Can you estimate height of waves 5 miles distant?

Hello again, do you have any trick for estimating the wave height 5 miles out in the distance? If there is no boat/buoy out there as a reference, how would one measure the wave height ? Many times I have set out in 1ft waves at the shoreline only to later dissapear in troughs & abort the trip half way to my destination.

To better illustrate my question with these example pictures:
The wave height in the immediate foreshore is determined by both by sea state & by how shallow the bay is . Would it be possible to determine offshore wave height through visual means? thanks,

When I can see the horizon from shore and it looks like a hacksaw blade I figure 12 to 15 ft.

thats the sort of guideline i was looking for. but i ask how far out is the horizon? if its 20miles out, & my trip is 5 miles out, then how do i work out the wave height at 5 miles?

here is another photo
the immediate foreshore, the waves look around 3 or 4 ft, how heigh would you estimate them 5 miles out? thx

Some say:
For an observer on the ground with eye level at h = 5 ft 7 in ( 1.70 m ), the horizon is at a distance of 2.9 miles ( 4.7 km ). For an observer standing on a hill or tower 100 feet ( 30 m ) in height, the horizon is at a distance of 12.2 miles ( 19.6 km ).

As I gaze out across the river I’m amazed you can see detail past the 1 mile markers I see. Five miles…there’s a judgement call.

I found this summary which may help a little.

It says that the shoreline tends to make waves smaller since “different parts of the wave encounter resistance at different times”. To me that suggests that the effect should be predictable in a particular location when the wind is always blowing from the same direction…so if you typically have wind blowing from offshore and 3 foot waves near shore and 5 foot waves far offshore then that may happen every time. It also suggests that you should always expect waves to be bigger offshore. has pretty good resolution so you could look at it and see if you might expect increased wind speeds 5 miles away. Wind speeds often pick up from morning to afternoon so that may have an impact on what you are experiencing.

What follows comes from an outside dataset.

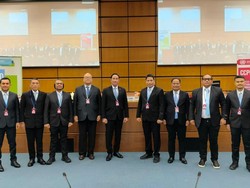 Kepala BNN Soroti Ancaman Narkotika Sintetis Saat Hadiri Komisi Narkotika di Wina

Or you could get a drone and just go look.

When I first read this I thought this was question was a bad joke.

Short answer. No.

Trying to come up with a helpful answer …

If you are serious I would spend some time getting informed about what wave/weather prediction services are where you paddle. In the US on the west coast and Hawaii the Coastal Data Information Program webpages on the internet give you the ability to check wave heights at buoys all over the US coastline. You can know wave height, average period, peak period and water temps for a fair number of locations all over the coast. There are also many good sites for wind predictions. The NOAA and NWS forecasts for local areas will tell you swell heights and predicted winds where you intend to paddle.

Similar services exist on the east coast and in the UK.

As stated above you are going to have stand on a high bluff, hill or similar to see 5 miles or 20 miles out to sea. What you really want to be concerned about when paddling a kayak is breaking wave height. If you look out and only see white water very close to shore , waves are not likely to be an issue, if you see white caps, you know you are going to have good sized wind waves, and they require skill and skill to paddle in the wind. If you look out and you see several hundred yards of foamy white water the breaking waves are well overhead and it would be foolish to paddle out alone at your skill level.

Best advice is to paddle with experienced paddlers until you get some better moving water skills.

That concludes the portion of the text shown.